(Extracted records)
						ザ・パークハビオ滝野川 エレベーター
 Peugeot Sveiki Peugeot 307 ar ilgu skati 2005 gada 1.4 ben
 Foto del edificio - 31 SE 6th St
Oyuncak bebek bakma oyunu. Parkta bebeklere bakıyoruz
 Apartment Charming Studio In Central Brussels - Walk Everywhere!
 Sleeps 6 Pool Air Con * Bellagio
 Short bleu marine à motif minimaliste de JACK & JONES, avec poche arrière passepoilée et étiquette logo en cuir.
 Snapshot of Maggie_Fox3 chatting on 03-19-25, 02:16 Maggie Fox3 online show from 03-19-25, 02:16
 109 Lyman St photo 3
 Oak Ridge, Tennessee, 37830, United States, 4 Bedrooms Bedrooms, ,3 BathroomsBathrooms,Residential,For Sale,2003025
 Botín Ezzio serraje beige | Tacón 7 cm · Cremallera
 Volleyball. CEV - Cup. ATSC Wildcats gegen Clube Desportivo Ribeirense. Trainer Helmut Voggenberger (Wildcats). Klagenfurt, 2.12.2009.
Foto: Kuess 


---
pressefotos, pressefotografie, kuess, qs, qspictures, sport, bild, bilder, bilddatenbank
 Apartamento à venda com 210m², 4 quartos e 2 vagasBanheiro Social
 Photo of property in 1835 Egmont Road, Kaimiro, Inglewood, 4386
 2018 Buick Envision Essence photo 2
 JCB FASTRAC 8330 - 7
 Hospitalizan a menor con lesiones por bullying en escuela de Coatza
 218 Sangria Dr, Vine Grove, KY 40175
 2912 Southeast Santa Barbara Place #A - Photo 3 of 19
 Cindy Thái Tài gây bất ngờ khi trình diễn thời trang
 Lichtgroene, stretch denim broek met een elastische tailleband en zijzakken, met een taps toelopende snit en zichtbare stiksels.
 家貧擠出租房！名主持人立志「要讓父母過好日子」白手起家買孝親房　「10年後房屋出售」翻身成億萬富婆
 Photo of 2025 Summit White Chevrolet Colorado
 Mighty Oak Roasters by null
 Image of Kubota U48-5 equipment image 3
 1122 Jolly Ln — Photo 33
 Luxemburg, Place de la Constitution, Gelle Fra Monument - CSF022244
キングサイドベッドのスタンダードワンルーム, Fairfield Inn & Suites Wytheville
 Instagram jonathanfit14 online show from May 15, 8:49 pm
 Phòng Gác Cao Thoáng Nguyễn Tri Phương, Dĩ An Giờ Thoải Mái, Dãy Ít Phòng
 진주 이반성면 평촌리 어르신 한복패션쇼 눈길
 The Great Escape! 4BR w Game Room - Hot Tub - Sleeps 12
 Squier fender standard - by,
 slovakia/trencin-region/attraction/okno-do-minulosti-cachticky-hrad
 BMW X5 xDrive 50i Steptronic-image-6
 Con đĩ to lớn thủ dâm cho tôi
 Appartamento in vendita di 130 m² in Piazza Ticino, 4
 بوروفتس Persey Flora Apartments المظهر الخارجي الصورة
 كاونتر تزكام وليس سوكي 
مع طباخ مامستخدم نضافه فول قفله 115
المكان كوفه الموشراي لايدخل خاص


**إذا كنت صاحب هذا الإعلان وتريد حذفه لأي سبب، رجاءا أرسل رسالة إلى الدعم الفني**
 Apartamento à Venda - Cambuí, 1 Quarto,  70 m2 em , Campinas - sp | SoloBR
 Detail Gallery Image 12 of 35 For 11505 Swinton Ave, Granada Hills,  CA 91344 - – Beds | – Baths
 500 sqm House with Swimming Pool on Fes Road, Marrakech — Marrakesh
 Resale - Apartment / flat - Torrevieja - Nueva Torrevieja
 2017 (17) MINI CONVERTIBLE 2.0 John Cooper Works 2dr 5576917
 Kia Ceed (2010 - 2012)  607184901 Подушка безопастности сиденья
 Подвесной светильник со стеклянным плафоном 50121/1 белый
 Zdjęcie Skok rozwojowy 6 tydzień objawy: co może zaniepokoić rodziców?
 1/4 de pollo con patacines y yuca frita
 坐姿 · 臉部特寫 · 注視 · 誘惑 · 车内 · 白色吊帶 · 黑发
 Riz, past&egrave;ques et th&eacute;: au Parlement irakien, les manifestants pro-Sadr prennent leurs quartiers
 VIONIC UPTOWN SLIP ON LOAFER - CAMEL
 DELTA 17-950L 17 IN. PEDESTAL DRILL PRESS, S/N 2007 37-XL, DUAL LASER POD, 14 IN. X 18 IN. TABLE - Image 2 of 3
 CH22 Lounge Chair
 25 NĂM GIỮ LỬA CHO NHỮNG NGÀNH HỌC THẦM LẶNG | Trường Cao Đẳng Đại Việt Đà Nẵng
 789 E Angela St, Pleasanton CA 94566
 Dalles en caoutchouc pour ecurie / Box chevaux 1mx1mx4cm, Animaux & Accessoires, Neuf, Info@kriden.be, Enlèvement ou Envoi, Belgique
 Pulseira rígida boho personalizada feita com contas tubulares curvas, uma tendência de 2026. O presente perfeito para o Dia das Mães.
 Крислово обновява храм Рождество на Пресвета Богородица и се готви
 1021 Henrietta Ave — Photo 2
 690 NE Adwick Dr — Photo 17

§ **Task objective**
Determine how many lines of the data above contain the string "Sleeps", and give the result with nothing else.

§ **Result of the exercise**
2